J’ai le sentiment que le monde agricole n’est pas toujours entendu. Aujourd'hui, on lui demande en quelque sorte de payer deux fois la note : d’un côté, les prix des intrants ont fortement augmenté ; de l’autre, ceux des matières premières agricoles sont repartis à la baisse, d’où les crises actuelles. Ce déséquilibre atteint de plein fouet l’élevage, notamment ovin. Que fait-on des droits à paiement unique dormants, monsieur le ministre ?
La notion de contractualisation par filière ne devrait-elle pas être soutenue afin de mieux mutualiser, de mieux protéger, en recherchant une meilleure valeur ajoutée, peut-être un nouvel équilibre des soutiens céréaliers au profit de l’élevage ?
En vue de l’après-2013, ne faut-il pas essayer de trouver une cohérence entre le périmètre de la PAC et la zone euro, plutôt que de s’engager dans une renationalisation de cette politique, ce qui représenterait pour nous un risque terrible ?
Le deuxième pilier évolue à nouveau pour contribuer à soutenir les revenus, alors qu’il n’est pas spécialement conçu pour cela.

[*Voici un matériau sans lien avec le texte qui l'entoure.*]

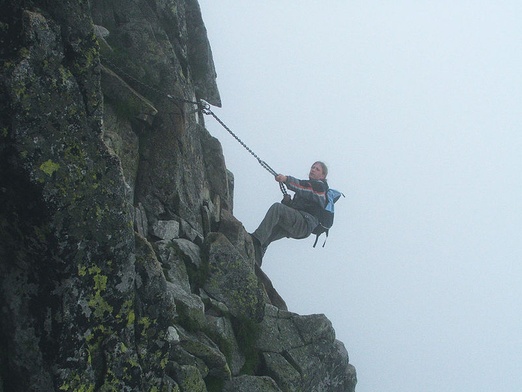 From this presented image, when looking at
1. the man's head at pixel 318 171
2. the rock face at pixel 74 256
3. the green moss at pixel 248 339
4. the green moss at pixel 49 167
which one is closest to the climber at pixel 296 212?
the man's head at pixel 318 171

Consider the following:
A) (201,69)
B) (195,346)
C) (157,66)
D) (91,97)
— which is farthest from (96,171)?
(201,69)

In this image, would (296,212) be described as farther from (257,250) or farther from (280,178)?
(257,250)

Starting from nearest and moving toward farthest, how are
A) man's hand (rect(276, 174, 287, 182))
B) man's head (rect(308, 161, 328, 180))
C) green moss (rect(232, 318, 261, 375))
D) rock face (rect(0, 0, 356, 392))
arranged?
rock face (rect(0, 0, 356, 392)) → green moss (rect(232, 318, 261, 375)) → man's hand (rect(276, 174, 287, 182)) → man's head (rect(308, 161, 328, 180))

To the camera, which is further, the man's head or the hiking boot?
the man's head

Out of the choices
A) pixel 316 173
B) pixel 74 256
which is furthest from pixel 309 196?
pixel 74 256

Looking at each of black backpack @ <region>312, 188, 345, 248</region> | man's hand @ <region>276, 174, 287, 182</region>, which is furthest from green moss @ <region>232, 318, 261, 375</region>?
black backpack @ <region>312, 188, 345, 248</region>

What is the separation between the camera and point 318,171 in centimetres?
Answer: 2133

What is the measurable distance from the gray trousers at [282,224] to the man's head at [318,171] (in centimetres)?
152

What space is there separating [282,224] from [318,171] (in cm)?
249

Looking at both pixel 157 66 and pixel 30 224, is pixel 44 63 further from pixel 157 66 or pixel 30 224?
pixel 157 66

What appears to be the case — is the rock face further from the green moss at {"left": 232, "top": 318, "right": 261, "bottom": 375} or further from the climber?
the climber

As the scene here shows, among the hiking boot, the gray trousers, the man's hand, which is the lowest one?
the hiking boot

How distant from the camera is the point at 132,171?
15.3m

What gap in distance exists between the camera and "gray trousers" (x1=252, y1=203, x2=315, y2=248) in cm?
2047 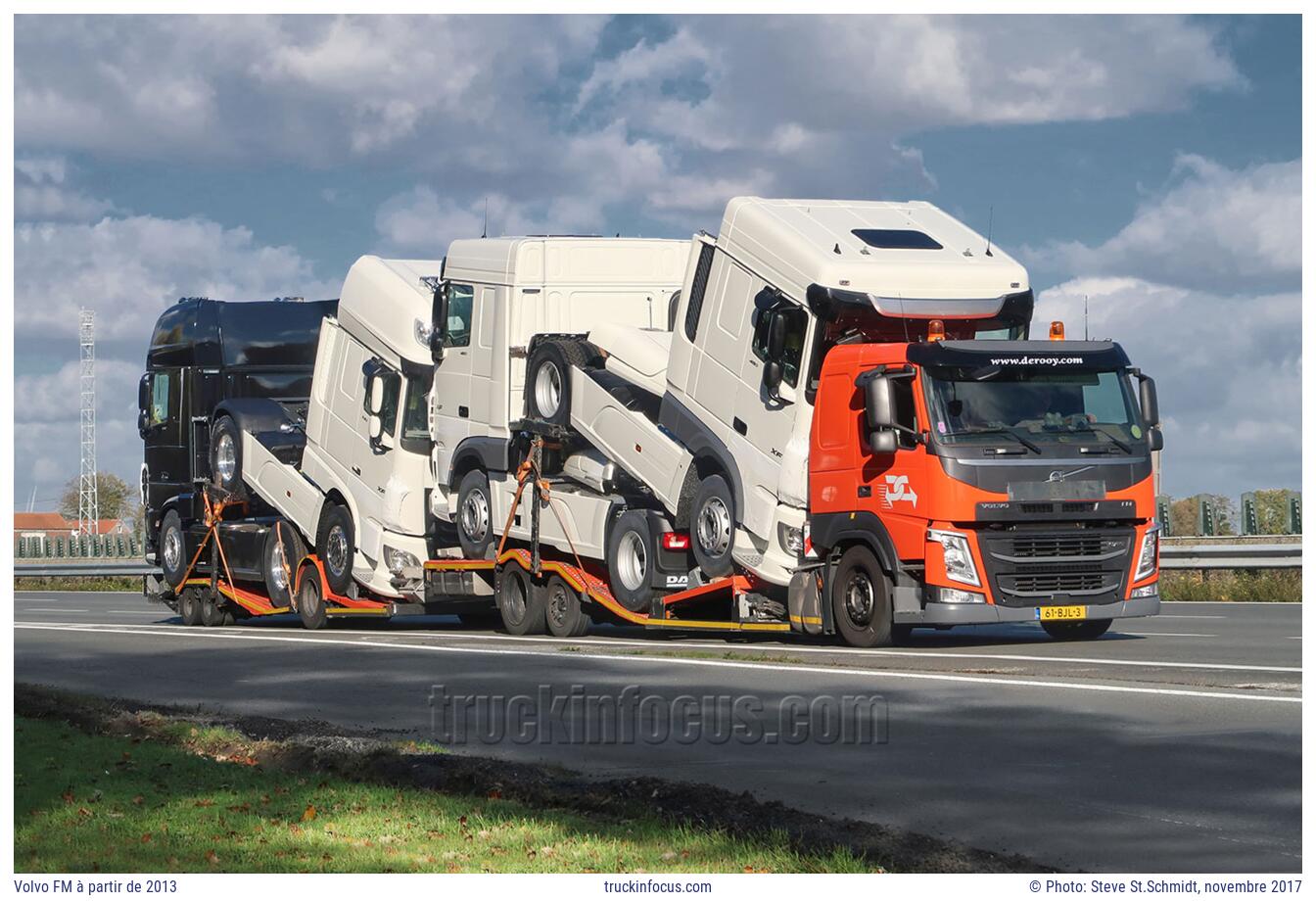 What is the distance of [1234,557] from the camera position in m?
26.2

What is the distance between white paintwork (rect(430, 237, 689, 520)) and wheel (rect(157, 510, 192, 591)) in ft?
24.5

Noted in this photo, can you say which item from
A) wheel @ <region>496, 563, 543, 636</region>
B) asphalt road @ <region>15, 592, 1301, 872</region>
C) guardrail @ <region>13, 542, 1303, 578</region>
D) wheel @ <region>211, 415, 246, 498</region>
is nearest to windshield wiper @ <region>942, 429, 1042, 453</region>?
asphalt road @ <region>15, 592, 1301, 872</region>

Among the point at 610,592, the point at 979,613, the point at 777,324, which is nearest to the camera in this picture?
the point at 979,613

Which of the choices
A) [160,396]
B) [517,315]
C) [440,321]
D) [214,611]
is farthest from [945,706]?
[160,396]

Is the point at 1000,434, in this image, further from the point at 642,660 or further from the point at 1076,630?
the point at 642,660

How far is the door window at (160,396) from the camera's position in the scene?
27.5 metres

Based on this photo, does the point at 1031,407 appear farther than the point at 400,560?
No

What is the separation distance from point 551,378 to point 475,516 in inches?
92.3

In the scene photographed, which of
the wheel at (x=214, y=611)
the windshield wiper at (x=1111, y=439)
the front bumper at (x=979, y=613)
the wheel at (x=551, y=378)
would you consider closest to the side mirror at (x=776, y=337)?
the front bumper at (x=979, y=613)

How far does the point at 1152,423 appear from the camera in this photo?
56.4 ft

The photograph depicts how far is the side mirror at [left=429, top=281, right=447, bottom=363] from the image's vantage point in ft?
73.0

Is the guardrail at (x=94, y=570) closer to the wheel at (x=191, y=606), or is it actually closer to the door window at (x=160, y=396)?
the wheel at (x=191, y=606)

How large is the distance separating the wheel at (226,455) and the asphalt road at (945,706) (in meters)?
4.29

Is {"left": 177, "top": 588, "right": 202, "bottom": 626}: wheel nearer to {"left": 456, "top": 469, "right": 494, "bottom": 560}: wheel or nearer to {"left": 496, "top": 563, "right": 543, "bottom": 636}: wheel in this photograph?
{"left": 456, "top": 469, "right": 494, "bottom": 560}: wheel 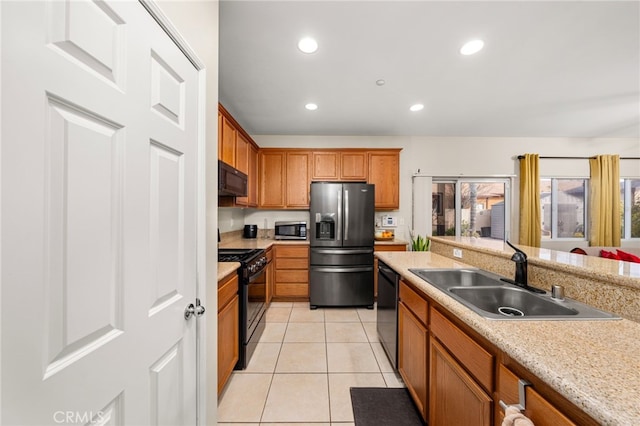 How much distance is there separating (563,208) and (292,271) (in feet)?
16.2

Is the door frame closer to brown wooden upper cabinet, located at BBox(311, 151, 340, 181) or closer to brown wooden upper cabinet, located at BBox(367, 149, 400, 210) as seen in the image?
brown wooden upper cabinet, located at BBox(311, 151, 340, 181)

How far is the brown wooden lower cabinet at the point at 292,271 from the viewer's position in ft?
11.5

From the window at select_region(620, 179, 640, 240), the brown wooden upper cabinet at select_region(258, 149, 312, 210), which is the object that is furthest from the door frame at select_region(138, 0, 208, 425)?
the window at select_region(620, 179, 640, 240)

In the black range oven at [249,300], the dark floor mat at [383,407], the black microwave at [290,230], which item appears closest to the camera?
the dark floor mat at [383,407]

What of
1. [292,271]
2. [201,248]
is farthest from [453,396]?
[292,271]

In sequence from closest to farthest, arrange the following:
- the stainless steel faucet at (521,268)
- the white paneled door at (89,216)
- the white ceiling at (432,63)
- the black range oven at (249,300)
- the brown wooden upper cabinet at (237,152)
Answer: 1. the white paneled door at (89,216)
2. the stainless steel faucet at (521,268)
3. the white ceiling at (432,63)
4. the black range oven at (249,300)
5. the brown wooden upper cabinet at (237,152)

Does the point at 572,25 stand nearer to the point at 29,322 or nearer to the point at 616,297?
the point at 616,297

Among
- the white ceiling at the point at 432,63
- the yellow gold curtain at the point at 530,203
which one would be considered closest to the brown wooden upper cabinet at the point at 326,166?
the white ceiling at the point at 432,63

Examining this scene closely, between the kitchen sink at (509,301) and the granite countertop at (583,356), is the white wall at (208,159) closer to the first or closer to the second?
the granite countertop at (583,356)

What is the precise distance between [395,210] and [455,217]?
1.11m

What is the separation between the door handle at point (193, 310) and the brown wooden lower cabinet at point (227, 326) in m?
0.44

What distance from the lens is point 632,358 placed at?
2.14 feet

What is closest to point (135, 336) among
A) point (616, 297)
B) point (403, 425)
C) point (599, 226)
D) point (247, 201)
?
point (403, 425)

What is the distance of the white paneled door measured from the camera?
474 millimetres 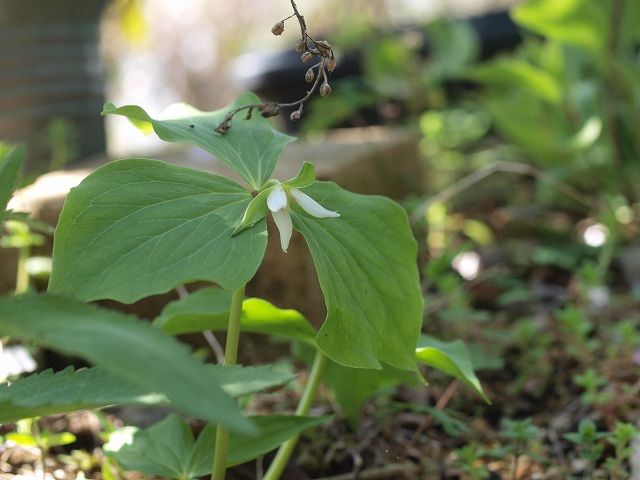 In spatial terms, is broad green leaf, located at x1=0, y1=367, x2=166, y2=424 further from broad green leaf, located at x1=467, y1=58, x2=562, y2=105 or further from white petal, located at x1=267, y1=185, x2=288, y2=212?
broad green leaf, located at x1=467, y1=58, x2=562, y2=105

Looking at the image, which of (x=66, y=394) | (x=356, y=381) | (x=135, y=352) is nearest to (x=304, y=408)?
(x=356, y=381)

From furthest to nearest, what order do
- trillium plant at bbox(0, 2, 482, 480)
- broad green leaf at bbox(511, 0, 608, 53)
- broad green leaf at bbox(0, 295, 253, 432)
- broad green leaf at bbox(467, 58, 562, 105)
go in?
broad green leaf at bbox(467, 58, 562, 105), broad green leaf at bbox(511, 0, 608, 53), trillium plant at bbox(0, 2, 482, 480), broad green leaf at bbox(0, 295, 253, 432)

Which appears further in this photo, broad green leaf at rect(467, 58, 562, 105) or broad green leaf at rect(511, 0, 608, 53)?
broad green leaf at rect(467, 58, 562, 105)

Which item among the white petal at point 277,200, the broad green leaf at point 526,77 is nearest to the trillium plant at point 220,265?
the white petal at point 277,200

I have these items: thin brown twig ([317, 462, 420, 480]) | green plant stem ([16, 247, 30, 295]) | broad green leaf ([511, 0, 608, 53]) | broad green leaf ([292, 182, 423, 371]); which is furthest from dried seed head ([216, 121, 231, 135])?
broad green leaf ([511, 0, 608, 53])

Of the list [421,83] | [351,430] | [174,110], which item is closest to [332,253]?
[174,110]

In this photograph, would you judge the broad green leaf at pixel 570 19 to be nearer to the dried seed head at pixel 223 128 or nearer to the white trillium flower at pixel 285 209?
the dried seed head at pixel 223 128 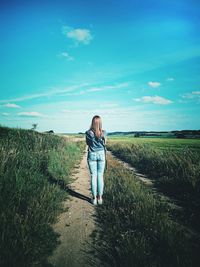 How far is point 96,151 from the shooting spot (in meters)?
5.05

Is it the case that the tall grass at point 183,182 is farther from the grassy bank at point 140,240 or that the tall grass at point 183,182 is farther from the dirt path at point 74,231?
the dirt path at point 74,231

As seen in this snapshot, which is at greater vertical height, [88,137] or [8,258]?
[88,137]

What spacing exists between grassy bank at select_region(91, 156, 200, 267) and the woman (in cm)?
81

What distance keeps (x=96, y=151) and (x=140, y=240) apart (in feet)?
8.40

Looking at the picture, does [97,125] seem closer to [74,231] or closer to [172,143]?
[74,231]

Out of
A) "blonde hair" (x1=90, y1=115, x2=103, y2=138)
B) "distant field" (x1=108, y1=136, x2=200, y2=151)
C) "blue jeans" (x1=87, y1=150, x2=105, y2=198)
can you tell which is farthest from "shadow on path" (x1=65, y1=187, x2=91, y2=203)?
"distant field" (x1=108, y1=136, x2=200, y2=151)

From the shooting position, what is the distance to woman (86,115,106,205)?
16.2ft

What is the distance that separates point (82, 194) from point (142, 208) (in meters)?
2.77

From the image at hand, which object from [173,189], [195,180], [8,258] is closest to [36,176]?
[8,258]

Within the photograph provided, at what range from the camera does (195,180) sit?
653 cm

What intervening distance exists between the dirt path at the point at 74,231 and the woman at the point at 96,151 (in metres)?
0.60

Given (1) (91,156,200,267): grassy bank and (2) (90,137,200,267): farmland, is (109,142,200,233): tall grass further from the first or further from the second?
(1) (91,156,200,267): grassy bank

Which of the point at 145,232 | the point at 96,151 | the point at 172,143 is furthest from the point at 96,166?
the point at 172,143

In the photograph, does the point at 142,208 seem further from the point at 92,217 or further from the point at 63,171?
the point at 63,171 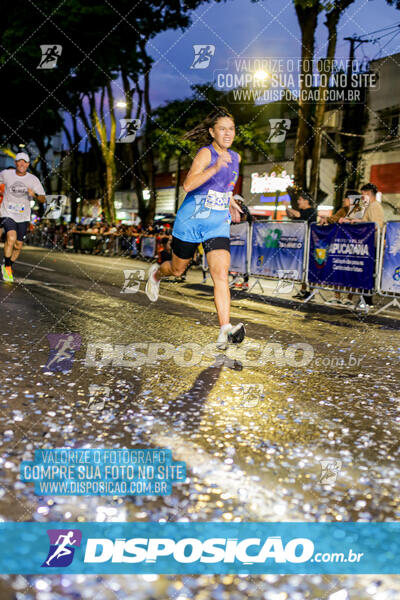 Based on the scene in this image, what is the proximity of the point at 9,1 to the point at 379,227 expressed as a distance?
20.5 m

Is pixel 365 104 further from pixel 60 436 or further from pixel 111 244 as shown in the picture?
pixel 60 436

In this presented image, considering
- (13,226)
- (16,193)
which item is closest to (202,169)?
(16,193)

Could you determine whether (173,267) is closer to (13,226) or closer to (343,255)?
(343,255)

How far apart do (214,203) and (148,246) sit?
18.6 meters

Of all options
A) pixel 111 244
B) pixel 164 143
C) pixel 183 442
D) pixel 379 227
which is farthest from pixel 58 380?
pixel 164 143

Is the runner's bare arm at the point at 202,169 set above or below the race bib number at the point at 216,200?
above

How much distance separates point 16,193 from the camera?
945 centimetres

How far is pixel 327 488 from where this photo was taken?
2.23 m

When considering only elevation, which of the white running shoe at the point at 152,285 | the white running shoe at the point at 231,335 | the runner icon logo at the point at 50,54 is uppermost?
the runner icon logo at the point at 50,54

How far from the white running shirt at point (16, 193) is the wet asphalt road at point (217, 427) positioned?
400 cm

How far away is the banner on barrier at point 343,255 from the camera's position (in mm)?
8977

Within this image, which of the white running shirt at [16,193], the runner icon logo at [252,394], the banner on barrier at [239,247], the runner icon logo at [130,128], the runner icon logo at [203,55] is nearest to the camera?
the runner icon logo at [252,394]

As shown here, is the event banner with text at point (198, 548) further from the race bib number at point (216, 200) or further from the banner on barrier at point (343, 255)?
the banner on barrier at point (343, 255)

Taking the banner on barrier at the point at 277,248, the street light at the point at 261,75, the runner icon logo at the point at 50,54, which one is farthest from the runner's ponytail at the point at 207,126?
the runner icon logo at the point at 50,54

Ce point mérite une clarification, que je ne trouve pas dans le bilan de santé de la politique agricole commune.
Par ailleurs, l’OMC joue-t-elle correctement son rôle dans le désordre international actuel ?
Au regard de toutes ces interrogations, ce projet de budget est bien timide. La nécessité d’une cohérence entre la production agricole et les entreprises agroalimentaires en aval conduit à l’idée d’une contractualisation des filières. Mais il est vrai qu’il est difficile de jouer la carte du « tout-libéral » tout en voulant protéger l’agriculture.
Enfin, le foncier reste une véritable difficulté pour l’agriculture. Quelle cohérence européenne pouvons-nous espérer à l’avenir sur cette question ?
Mon intervention sur ce projet de budget me donne l’occasion de rappeler que nos campagnes françaises ne doivent pas être de simples espaces verts : elles doivent permettre à nos agriculteurs d’offrir à tous une alimentation suffisante et de qualité.
Cependant, les campagnes se gèrent non pas sur une année, mais à l’échelle d’une génération. Or nous ne retrouvons une telle perspective ni dans ce projet de budget ni en Europe.